▶ _Task description_:
Somewhere below is a line with "Balon din Folie" and, later, a line with "Skyline Of Shanghai At Sunset Wall Art"; repeat those two lines and all the lines between them, exactly as they are.
####################
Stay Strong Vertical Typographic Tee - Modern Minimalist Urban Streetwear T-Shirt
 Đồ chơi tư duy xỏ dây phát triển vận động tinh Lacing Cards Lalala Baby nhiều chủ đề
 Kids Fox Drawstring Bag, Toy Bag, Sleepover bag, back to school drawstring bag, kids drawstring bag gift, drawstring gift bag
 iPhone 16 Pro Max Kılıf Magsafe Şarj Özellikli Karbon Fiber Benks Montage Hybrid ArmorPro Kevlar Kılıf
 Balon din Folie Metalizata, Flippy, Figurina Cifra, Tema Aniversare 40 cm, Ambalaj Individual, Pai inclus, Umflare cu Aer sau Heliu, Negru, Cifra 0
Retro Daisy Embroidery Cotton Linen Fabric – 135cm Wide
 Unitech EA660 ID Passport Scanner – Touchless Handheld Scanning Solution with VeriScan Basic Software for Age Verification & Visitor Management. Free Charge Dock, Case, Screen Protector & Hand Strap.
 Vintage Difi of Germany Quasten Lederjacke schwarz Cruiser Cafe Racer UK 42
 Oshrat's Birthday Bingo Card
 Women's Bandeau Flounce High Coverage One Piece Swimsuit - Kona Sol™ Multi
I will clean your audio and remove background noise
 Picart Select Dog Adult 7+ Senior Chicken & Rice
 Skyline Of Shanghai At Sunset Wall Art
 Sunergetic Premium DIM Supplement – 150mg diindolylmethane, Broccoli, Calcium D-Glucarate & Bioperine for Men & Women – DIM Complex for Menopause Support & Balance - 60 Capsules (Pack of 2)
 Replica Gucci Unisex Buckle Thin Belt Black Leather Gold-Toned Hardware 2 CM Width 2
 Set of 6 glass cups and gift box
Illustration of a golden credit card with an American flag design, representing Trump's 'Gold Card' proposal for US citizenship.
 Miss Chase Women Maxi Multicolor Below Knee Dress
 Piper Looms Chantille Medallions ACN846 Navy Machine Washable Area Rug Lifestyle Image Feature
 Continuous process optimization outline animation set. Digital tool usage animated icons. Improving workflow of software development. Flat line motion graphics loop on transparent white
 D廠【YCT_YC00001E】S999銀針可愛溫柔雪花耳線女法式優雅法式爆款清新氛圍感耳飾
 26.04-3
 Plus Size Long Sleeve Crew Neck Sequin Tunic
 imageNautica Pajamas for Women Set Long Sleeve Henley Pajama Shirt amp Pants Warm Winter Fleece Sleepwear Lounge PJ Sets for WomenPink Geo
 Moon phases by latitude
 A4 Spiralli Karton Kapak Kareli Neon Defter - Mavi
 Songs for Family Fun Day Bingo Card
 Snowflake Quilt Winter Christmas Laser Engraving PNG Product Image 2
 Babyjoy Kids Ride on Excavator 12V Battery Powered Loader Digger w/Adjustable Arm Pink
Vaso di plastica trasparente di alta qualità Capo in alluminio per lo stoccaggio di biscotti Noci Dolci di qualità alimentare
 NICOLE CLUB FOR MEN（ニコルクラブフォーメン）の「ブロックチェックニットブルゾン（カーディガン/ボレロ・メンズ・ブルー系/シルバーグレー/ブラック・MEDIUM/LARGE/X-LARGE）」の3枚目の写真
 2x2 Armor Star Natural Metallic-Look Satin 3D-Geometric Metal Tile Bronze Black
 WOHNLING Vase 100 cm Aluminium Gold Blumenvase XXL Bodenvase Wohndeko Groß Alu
####################
▶ _Answer section_:
 Balon din Folie Metalizata, Flippy, Figurina Cifra, Tema Aniversare 40 cm, Ambalaj Individual, Pai inclus, Umflare cu Aer sau Heliu, Negru, Cifra 0
Retro Daisy Embroidery Cotton Linen Fabric – 135cm Wide
 Unitech EA660 ID Passport Scanner – Touchless Handheld Scanning Solution with VeriScan Basic Software for Age Verification & Visitor Management. Free Charge Dock, Case, Screen Protector & Hand Strap.
 Vintage Difi of Germany Quasten Lederjacke schwarz Cruiser Cafe Racer UK 42
 Oshrat's Birthday Bingo Card
 Women's Bandeau Flounce High Coverage One Piece Swimsuit - Kona Sol™ Multi
I will clean your audio and remove background noise
 Picart Select Dog Adult 7+ Senior Chicken & Rice
 Skyline Of Shanghai At Sunset Wall Art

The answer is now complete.